I am currently in planning stage with an architect toward development of a double shop front I purchased recently (unencumbered if that is relevant) .
We have to decide if and what we put upstairs, as downstairs will be used as my business premises (currently renting down the way).
My preferred model is two residential apartments, as local agents tell me that office space is difficult to let in the area.
Needing to do the sums involved, I am exploring all modes of financing the project.
Would somenone please be able to tell me whether bank bills are a feasible instrument for financing such a venture anytime +/or in the current environment.

Thanks

lazza
 
Curious where you heard this from? Can you explain how this would work? You are issuing bills or debt guaranteed by the bank?? Even blue chip corporates are struggling to raise debt, I doubt you would be able to tap the CP market (no offence to your development). Bank bills in retail usually refers to investment, not lending. Perhaps theres a new product out there??
 
I may well have this all upside down, asdf, but I am sure I remember an acquaintance funding a farm purchase some years ago via bank bills and telling me I was mad if I didn't avail myself of them if I ever purchased investment property.

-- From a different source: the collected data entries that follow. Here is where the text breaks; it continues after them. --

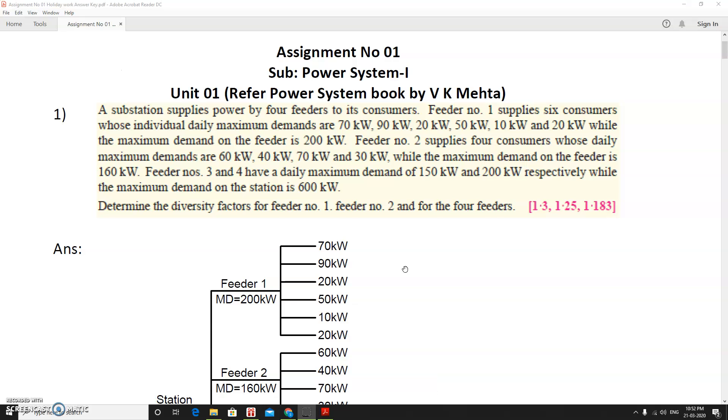Hello everyone, welcome to the solution of assignment number one on Power System 1 subject.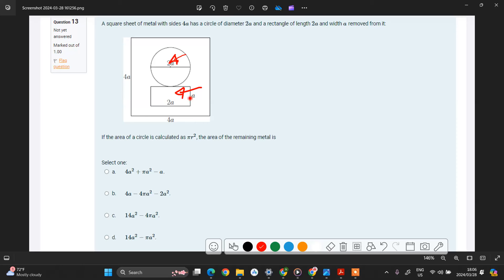So basically we are going to calculate the area of the huge square and then subtract the area of these two here.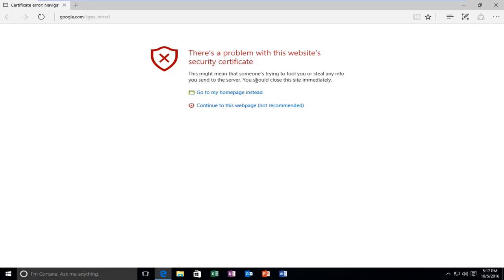You should close this site immediately. While there is an option to continue to this web page anyway and disregard this alert, there is a permanent solution to resolve this error.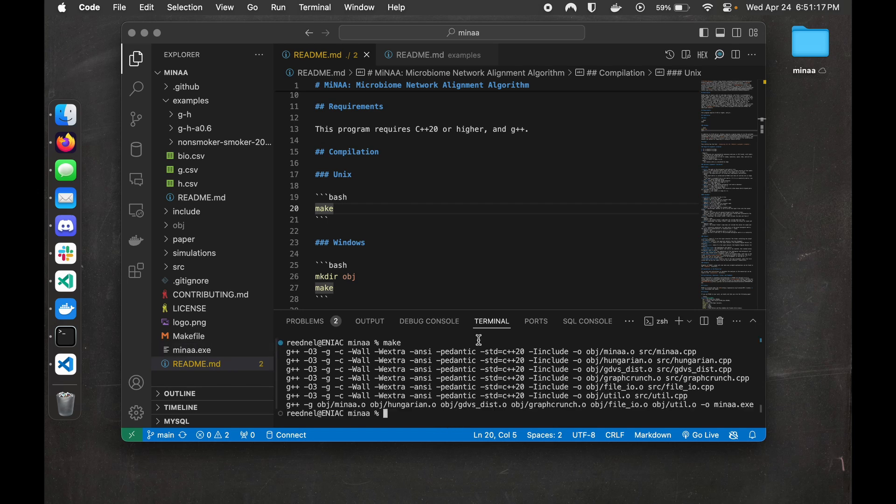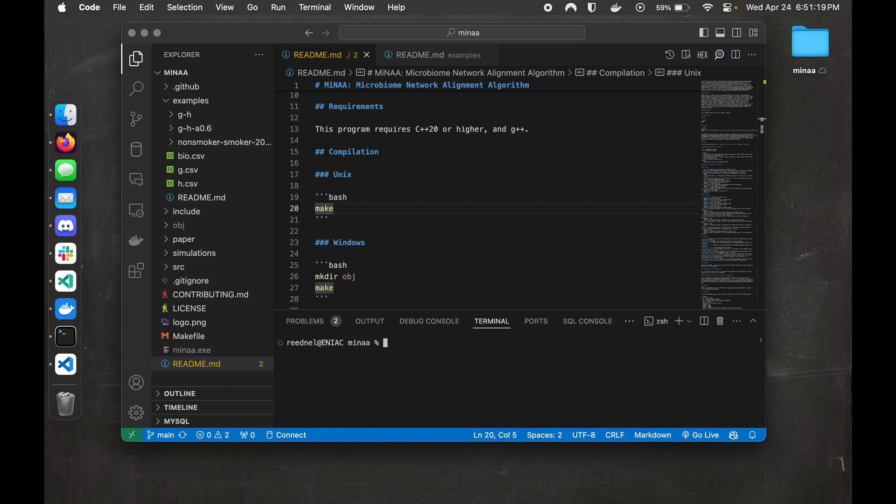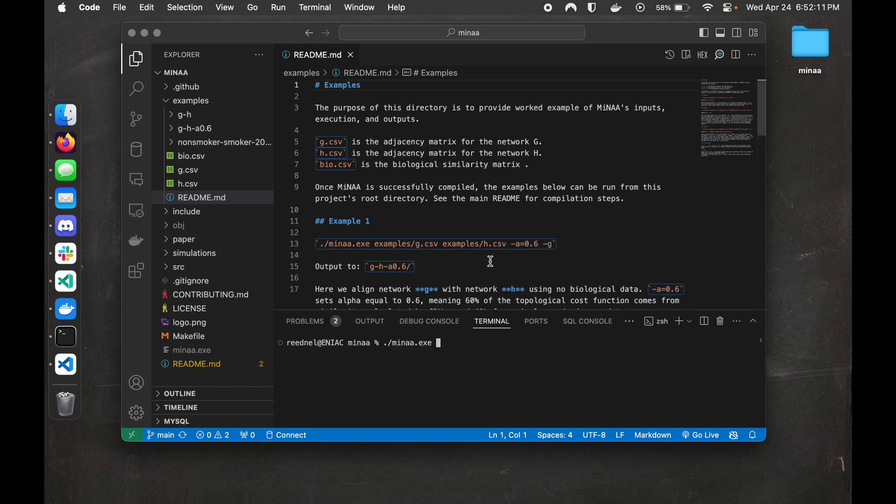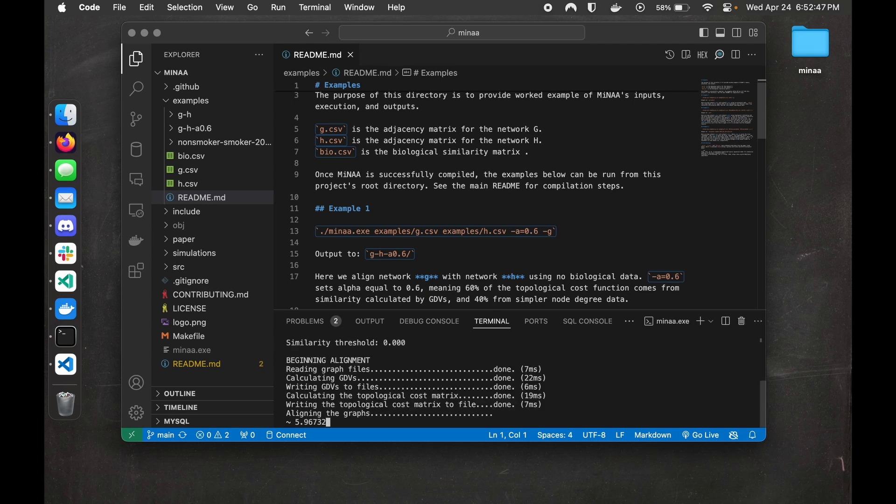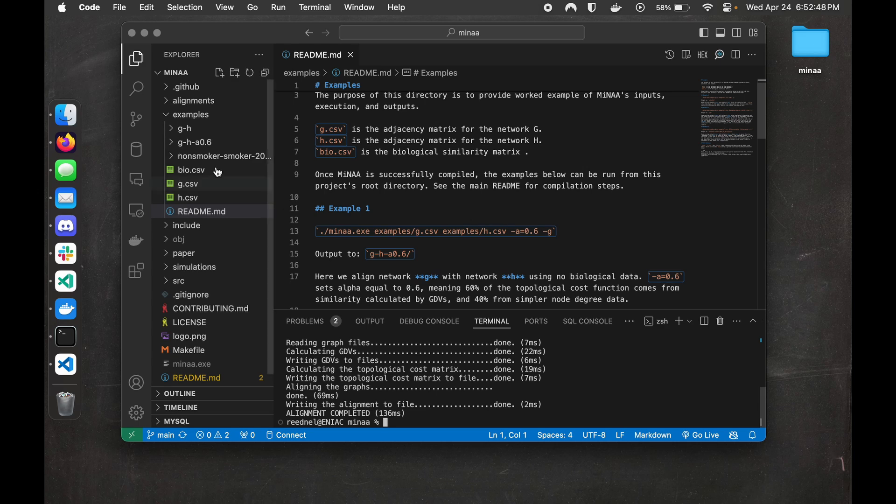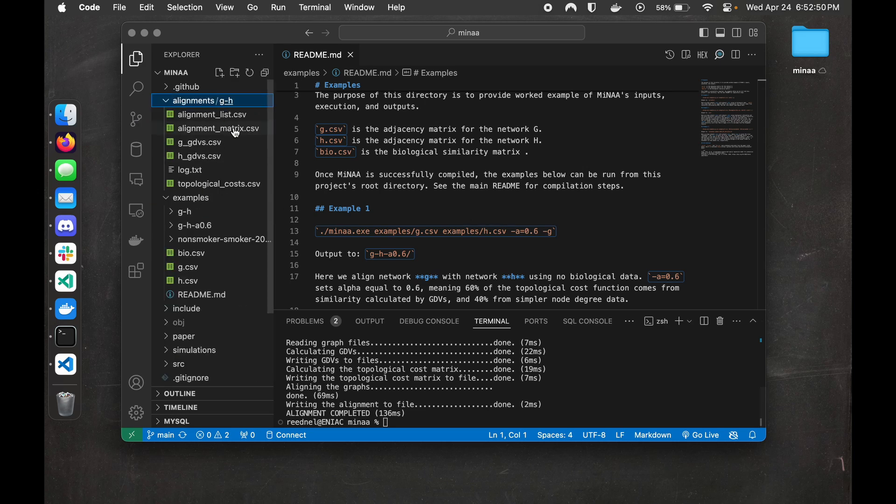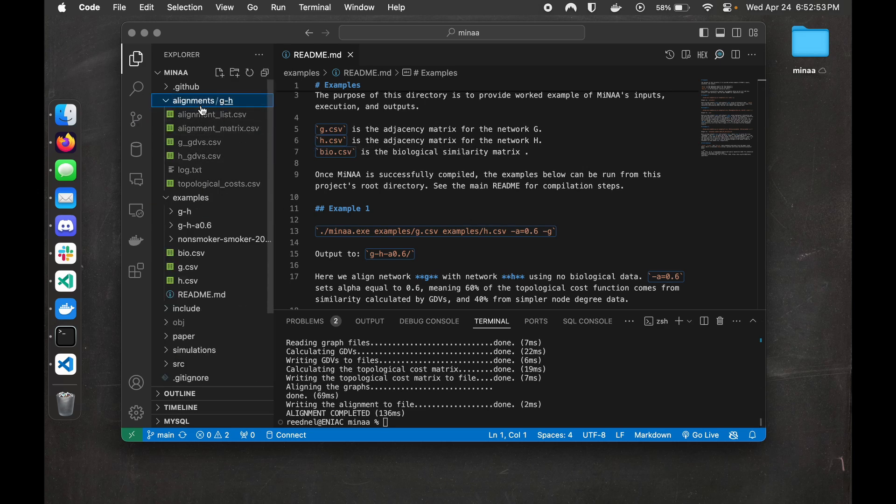Now to run MENA, it's just ./MENA.exe, and then the names of the networks we want to align. And there we go. It took 136 milliseconds, and we can see all the outputs in this newly created alignments directory.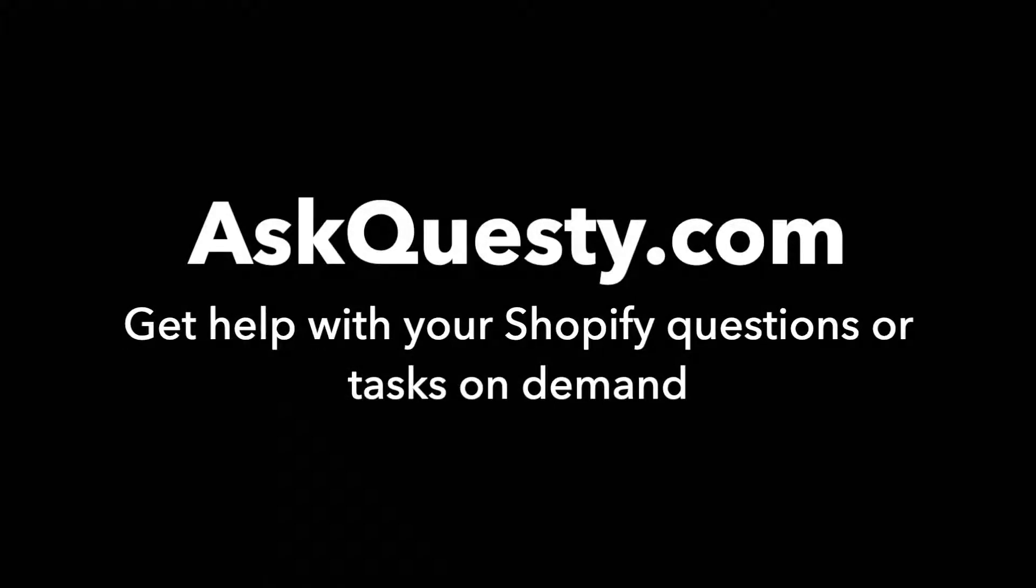This answer is powered by AskQuestie.com. Get help with your Shopify questions or tasks on demand.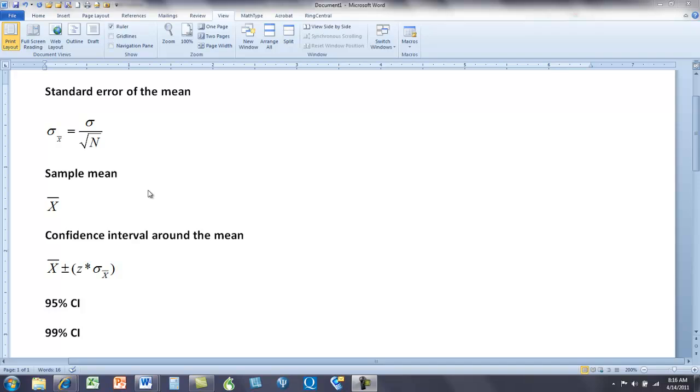And this is what this little mean bar means here under this sigma. We can take the standard deviation of that sampling distribution of means. We have a sampling distribution of means. So to go back, we have a population of men, and now we're going to make a new distribution of means. We're going to take means forever.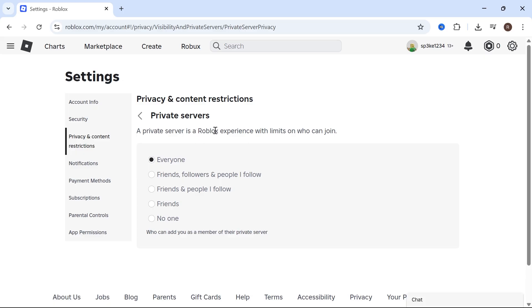Once you've done this, you'll have the correct permissions for people to invite you to their private servers. The next thing you'll need to do is make sure that your friend has invited you to the server that you want to join.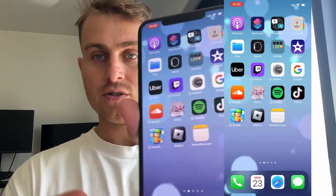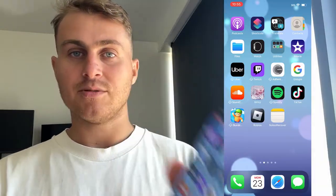What we're going to be downloading today is the Notes Recover app. This app is going to be completely free to download, and you're going to be able to recover any notes that you've had in the past.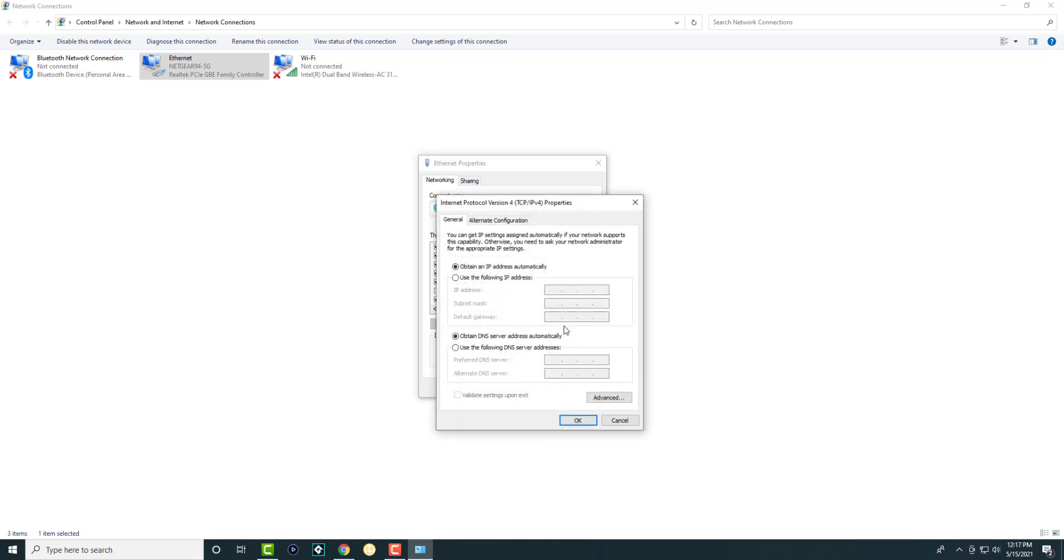We're going to then click into properties and over here we're going to change the DNS server. So this is where possibly through your ISP or a router or whatever, the DNS is being automatically picked up and it's causing an issue. You don't want whatever DNS they're providing you. You want to choose something else.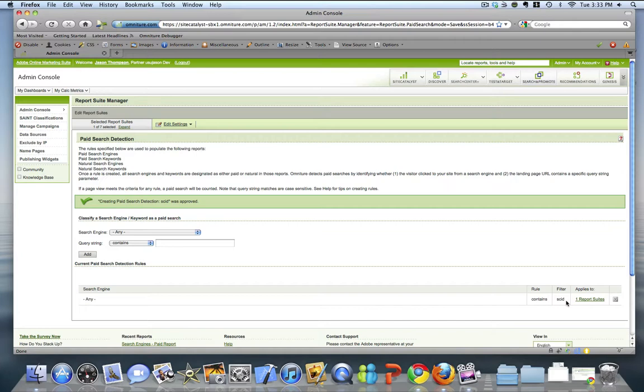then Site Catalyst will process that and will bucket that search, both the search engine and the search keyword, as a paid search.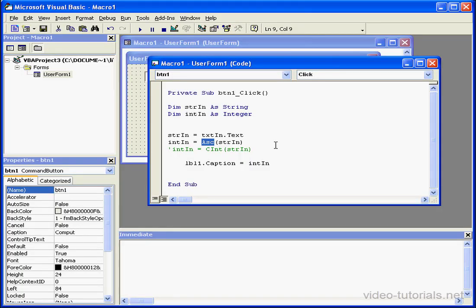The ASC function converts only the first character in the string and ignores the rest of the characters. The return value is stored in the int in variable, which is declared as an integer.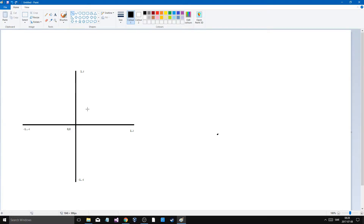Going up to infinity, and the same thing here but this is negative 1 to negative infinity, and the center is 0. So this is minus 1, minus 2, and so on. Same thing for the x-axis. So that's a coordinate system. How do I make this into a 3D coordinate system?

Then recently whilst doing my homework for this development, I came across the following on the Westpac business lending website:

Bank Bills

Bank bills cover your short- or long-term financial needs, and offer flexible repayment options. Access finance priced at Westpac's bill rate to meet all your fiscal requirements, including seasonal funding, new business acquisition, capital investment and refinance.

The Westpac bill rate is a variable rate determined by the bank. It is determined by a range of factors including, current market bank bill rates and the amount and tenor of the bank bill you select. You can protect interest rate exposure through a wide range of risk management products.

Optional redraw and progressive drawdown facilities are also available (applies only to variable interest rate).



Key features and benefits

Minimum and maximum amounts
Minimum Limit: $250,000
Maximum Limit: Nil.

Minimum and maximum terms
Bill tenors: 30 to 180 days
Facility terms: Up to 10 years.

Flexible repayment options
Interest only in advance (fixed rate loans only)
Interest only
Principal and interest
Can be monthly, quarterly, half yearly or annually (principal only).

Security
Residential property
Commercial property (non-specialised)
Business assets/other types of security.

Fees and charges
Line and/or acceptance fees apply
Bill rollover fees apply


Perhaps there is no interest rate advantage to be gained by using them, but I guess I need to ask them about that.
I had presumed that they would be an instrument that would be commonly used by people here.
 
The Westpac bill rate is a variable rate determined by the bank. It is determined by a range of factors including, current market bank bill rates and the amount and tenor of the bank bill you select. You can protect interest rate exposure through a wide range of risk management products.

You're not funding from "actual" bank bills, rather WP would providing a product priced directly off the prevailing BB rate for the term you're after, tweaked based on risk and exposure.